Collection entries:
....................

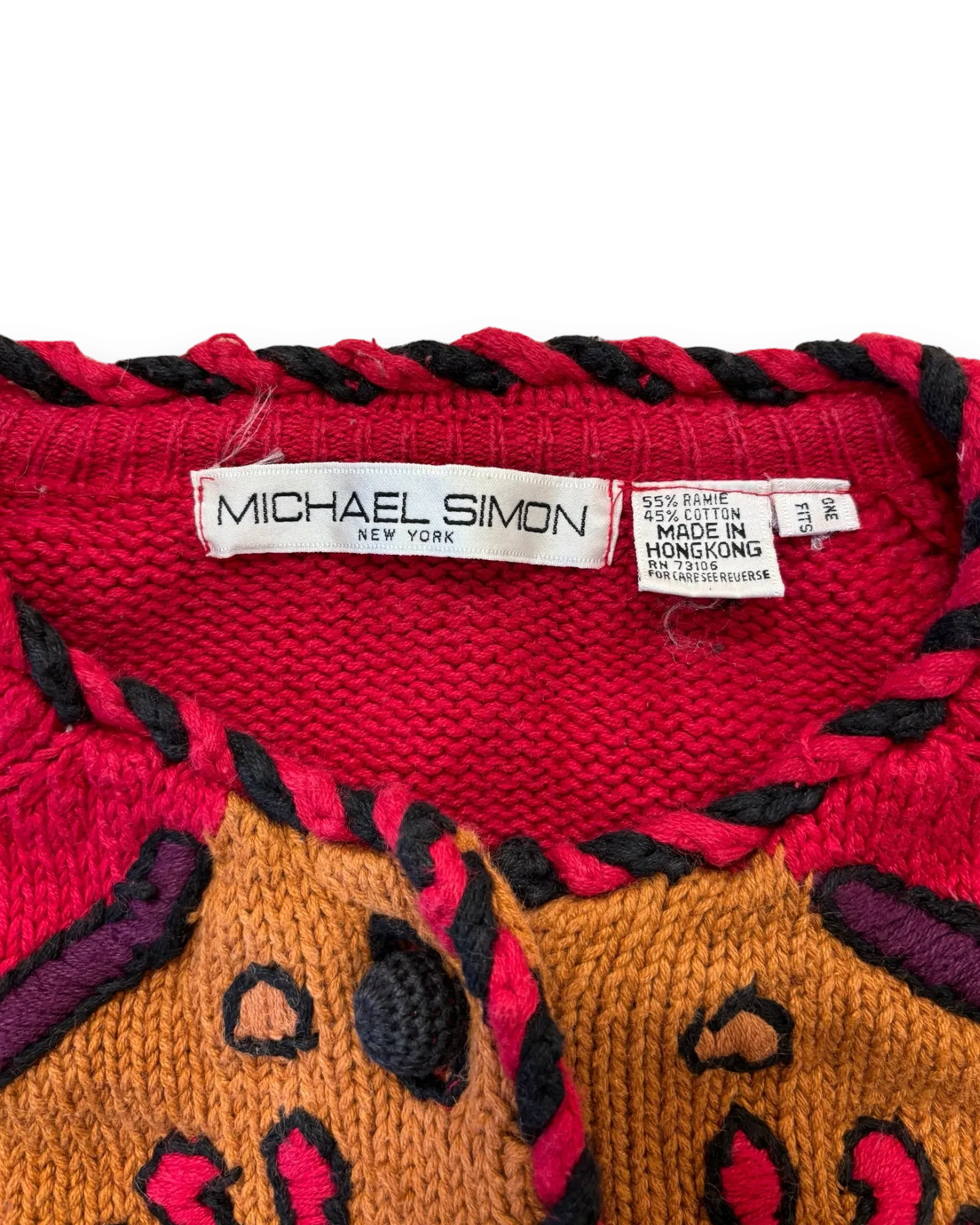 Michael Simon Cardigan - Designer Collection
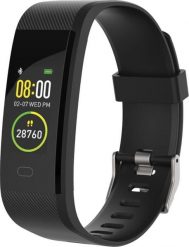Smartband MaxLife MXSB-200 Czarny. Czarne smartbandy MaxLife. Za 70.90 zł.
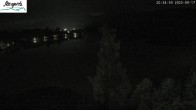 Archiv Foto Webcam Füssen: Blick auf den Weißensee vom Hotel Seespitz 19:00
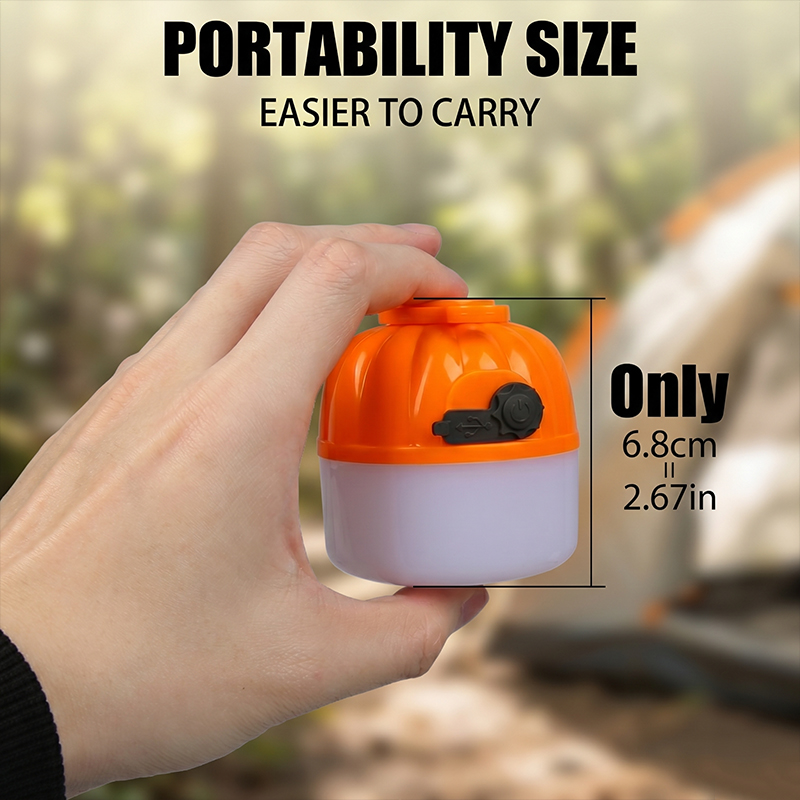 Mini Portable LED Pumpkin Bulb - Zinc Outdoor Lighting recensione e prezzo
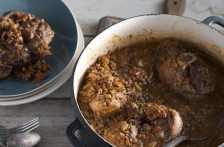 Osso Bucco with Lentils
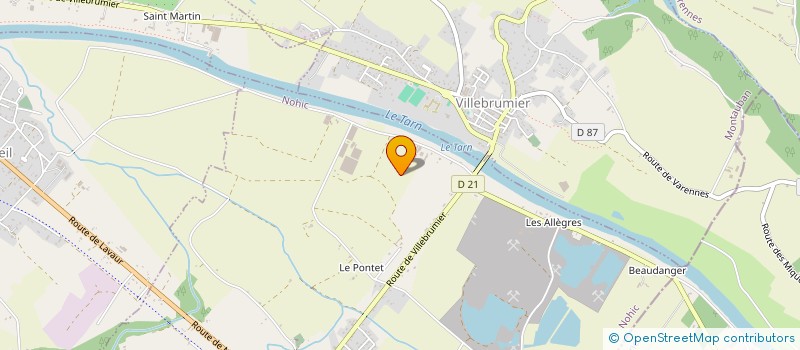 localisation de l'entreprise BARACA  NOHIC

....................

**Work request**
Retype every entry above exactly and, please, skip the pictures.

**Expected answer**
 Michael Simon Cardigan - Designer Collection
Smartband MaxLife MXSB-200 Czarny. Czarne smartbandy MaxLife. Za 70.90 zł.
 Archiv Foto Webcam Füssen: Blick auf den Weißensee vom Hotel Seespitz 19:00
 Mini Portable LED Pumpkin Bulb - Zinc Outdoor Lighting recensione e prezzo
 Osso Bucco with Lentils
 localisation de l'entreprise BARACA  NOHIC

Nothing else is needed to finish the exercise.